Ten years ago, September, 11th 2001 I was a 6th grader at Meridian Middle School, sitting in Mrs. Leipf’s class, when I first heard about what happened in New York City. Someone said the Twin Towers had been bombed, I didn’t even know what the Twin Towers were until someone said that they were the big buildings on the Spiderman preview I had seen at the theatre. Mrs. Leipf came in and gave us the news in the somber tone I now realize was the same as the one Ms. Steinhoefel used in 3rd grade after Columbine. Everyone was silent but my initial reaction was to feel sorry for my teacher, since it had obviously upset her.
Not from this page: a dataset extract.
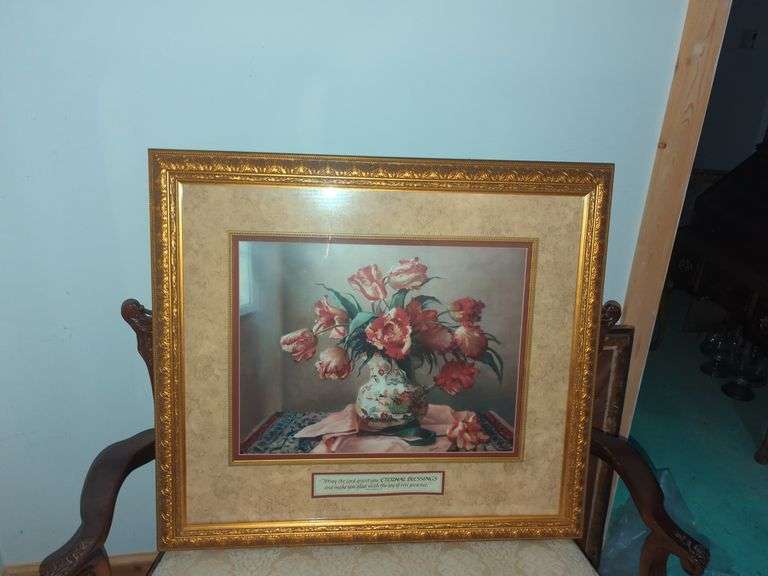 Floral Still life Offeset Lithograph After Jennie Tomao in Gilt Antique Frame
I used to be embarrassed to admit to myself that I didn’t really think of the people inside the burning wreckage of the skyscrapers initially. But I couldn’t understand abstractions of far away events other than superficially, my teacher’s distraught face though burned the emotional side of the tragedy permanently into my mind. As a child I could understand fear, if not terrorism, I could understand confusion, if not anarchy, and I could understand loss, if not body counts (which were estimated to be many times the real number at that point). An Idaho resident may never know the full blunt of the horror that the residents of New York felt, but I knew the nation mourned with them that day.
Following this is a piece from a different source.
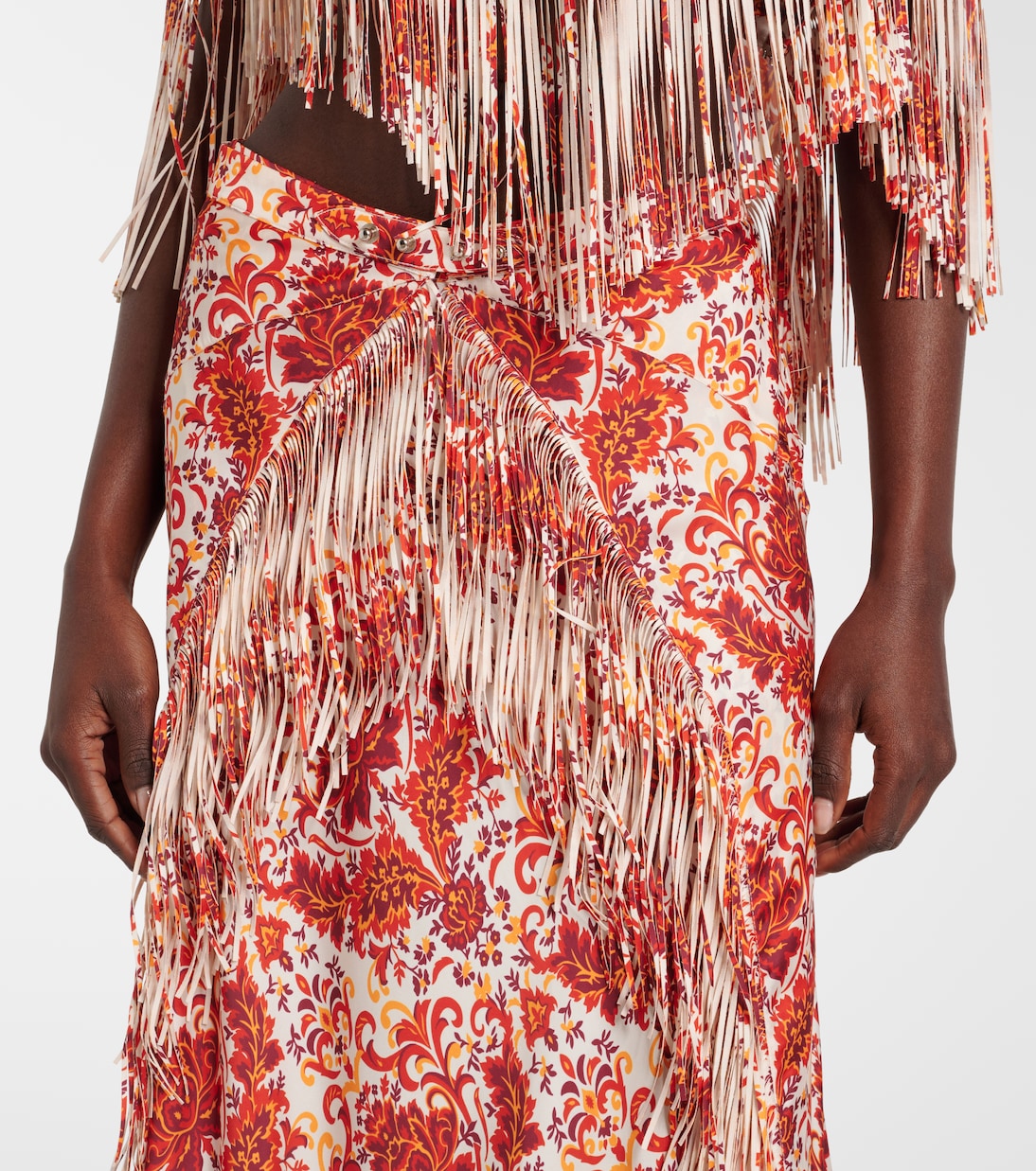 Fringed printed maxi skirt | Rabanne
The school was silent in class in the presence of adults, we knew how to show proper behavior in the moment of tragedy, but in the Hallways, the break areas, and the cafeterias a low intense buzz filled every inch. Most kids talked about the end of the world, the irony of the date being the same as the emergency line, and a lot about God, trying to sort through this mess with what parents, television, and our imaginations had taught us. Most seemed worried but an undercurrent of excitement filled the room. Our generation was one raised on Nintendo, internet, blockbuster action films, and 9 o’clock news reports of daily murders, we coped by compartmentalizing the real world into the rules of virtual reality. We knew from that most problems could be solved in a two hour block, or at least by the end of the next level.
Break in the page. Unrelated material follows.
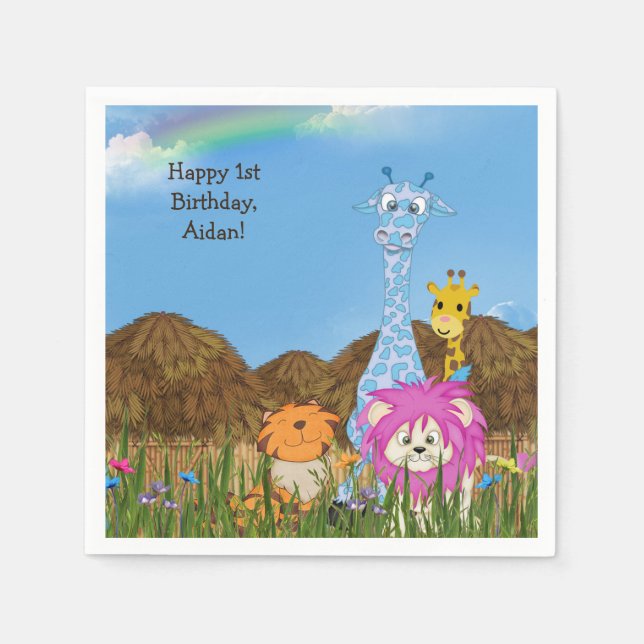 Happy Birthday jungle animals with huts Napkin (Front)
But as my generation has grown up, the magnitude of what September 11th really meant has filled out and expanded in our minds. It still comes up now and again in conversations among college students, “Where were you on September 11th when you found out?”. We’ll be the last to authoritatively tell our grandchildren what that day was like because we lived through it. We may not have understood, but the weight bit by bit fell upon all. The world we are now inheriting was changed by one day. The first time I felt the weight was when I realized I couldn’t see “The Matrix” because it was now rated “R” and my mother wouldn’t let me. I felt the weight when I was randomly selected for extra screening at airport security when I was 15 years old and flying for the first time in my life. My generation has watched a national tragedy become a political tool for those on both sides of the political spectrum. We had watched as the brief unity after that day unraveled into rabid bi-partisanship. But the images policemen running into hell to find others, of strangers crying and embracing each other when there was no one else, and of firefighters raising the American flag are still the first thing’s my mind goes to when I think of that day.